I'm thinking now though of how much I wouldn't have liked to have flown in a DH Mossie, I mean a single 20mm HEI projectile hits you and you're a burning torch!:shock:
 
If there was any metal skin on the Mossie it would of been around the nacelles and maybe the wing leading edges.
 
All I can think of now is that it was going *pufff!* if it got hit by any 20mm incendiary round.
 
Birds show up on radars so do trees and both are non conductive so what gives the wood in the mossie special properties . It all depends on the aspect of the aircraft to the radar . Yes the Mossie will naturally have a smaller signature then the slab sided bombers. It will also depend on which band radar one is using and most of all power of the radar
 
Birds show up on radars so do trees and both are non conductive so what gives the wood in the mossie special properties . It all depends on the aspect of the aircraft to the radar . Yes the Mossie will naturally have a smaller signature then the slab sided bombers. It will also depend on which band radar one is using and most of all power of the radar
All true but plywood (along with balsa and other woods) absorb radar at certain bands. The problem (unknown during WW2) was if there were any imperfections on the surface (seams, cracks, screw heads) they would not absorb the radar.
 
The first truly stealth a/c is the Ho/Go-229 which would've been undetectable by any radar equipment of the time.

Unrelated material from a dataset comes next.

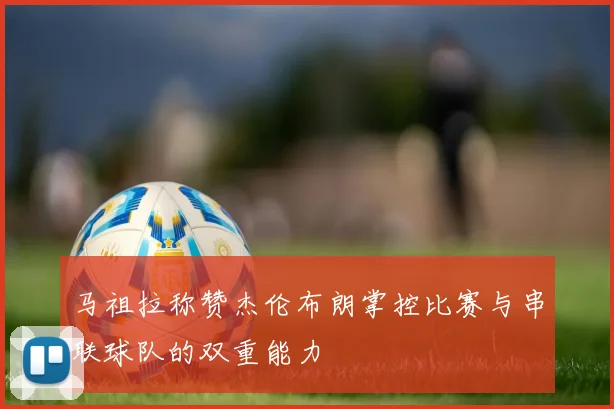 马祖拉称赞杰伦布朗掌控比赛与串联球队的双重能力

The Ho/Go-229 was not a stealth aircraft. Jet engines are high radar reflective devices with nice rotating radar reflectors. The beams don't even have to hit the compressor or turbine directly to get a good return. They just bounce around the inlet/exhaust until they come out. The Ho/Go-229 may have had reasonable low reflection from the sides but when coming or going, I'd say within plus or minus 45 degrees of the heading, those engines would have lit up a radar set. And, of course, coming or going is what is important. All modern stealth aircraft expend loads of money reducing the radar reflection of the engines. The F-117 has a grid over buried engines and the B-2 has buried engines with sophisticated desined inlets and exhausts. The F-22 and F-35 aslo has very sophiscated inlets and exhausts. There is also the cockpit which would have provided a lot of right angle reflections for a radar to feast on.

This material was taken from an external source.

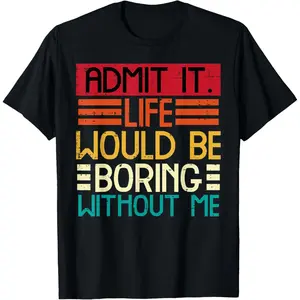 Men'S Life Boring Without Me Funny Saying Quote Men Women Kids T-Shirt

Also, the B-2 body design is designed and manufactured to very tight tolerances of curvature and gaps, tolerances that were not available until computer technologies were available to calculate the curvature requirements.

The Ho/Go-229, like the XB-35, was a unknowing step in the right directions, but was billions of dollars and years from becoming a true stealth aircraft.
 
The Mosquito's engine cowlings, spinners, radiator skins, underwing panels, tailcone, ailerons, elevators and various access panels were aluminium. The rest was skinned with birch plywood. (The fuselage was made in two halves using a concrete mould to form them.) All wood surfaces were covered with Medapalin, and aviation fabric, applied with red-brown dope. Then it was sprayed with aluminium paint. Finally camouflage was applied over the top of this.
 
....I wonder if Geese ever got intercepted as the high flying Mosquitoes:twisted:
geese are aften tracked in the Jetstream if you look at some flight supplements you'll notice they include the migratory patterns of the Canada Goose
 
Davparlr,

You must not know allot about the radar equipment of the time. The radars of WW2 weren't going to detect the Go-229, and if they did it would look nothing like an aircraft, just a way too small blob.

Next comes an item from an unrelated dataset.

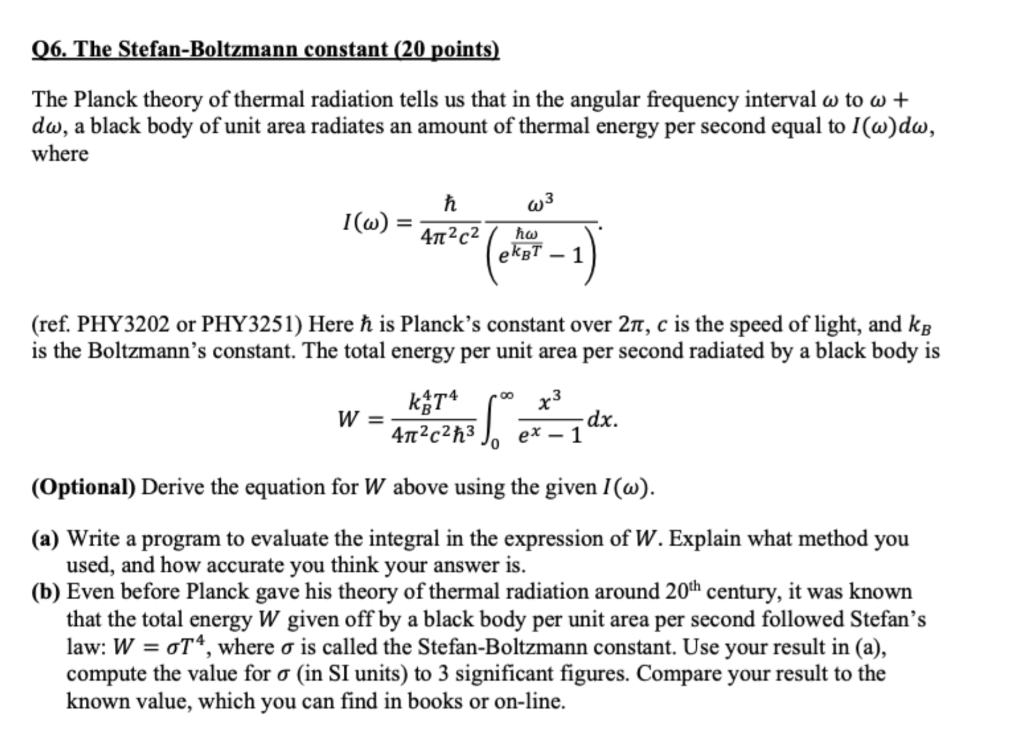 plz get help with python coding.Thanks! Q6. The Stefan-Boltzmann constant ( 20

Also jet engines don't give larger radar signatures than a propeller engine.

In short if you think that the radar of the time was going to detect the Go-229 you seriously lack knowledge on their effectiveness in general.
 
Davparlr,

You must not know allot about the radar equipment of the time. The radars of WW2 weren't going to detect the Go-229, and if they did it would look nothing like an aircraft, just a way too small blob.

Also jet engines don't give larger radar signatures than a propeller engine.

In short if you think that the radar of the time was going to detect the Go-229 you seriously lack knowledge on their effectiveness in general.
Read Davparir's post he is right on .He knows what he is saying
 
Nope, Davparlr is thinking of modern radar, not WW2 radar, and there's a BIG difference!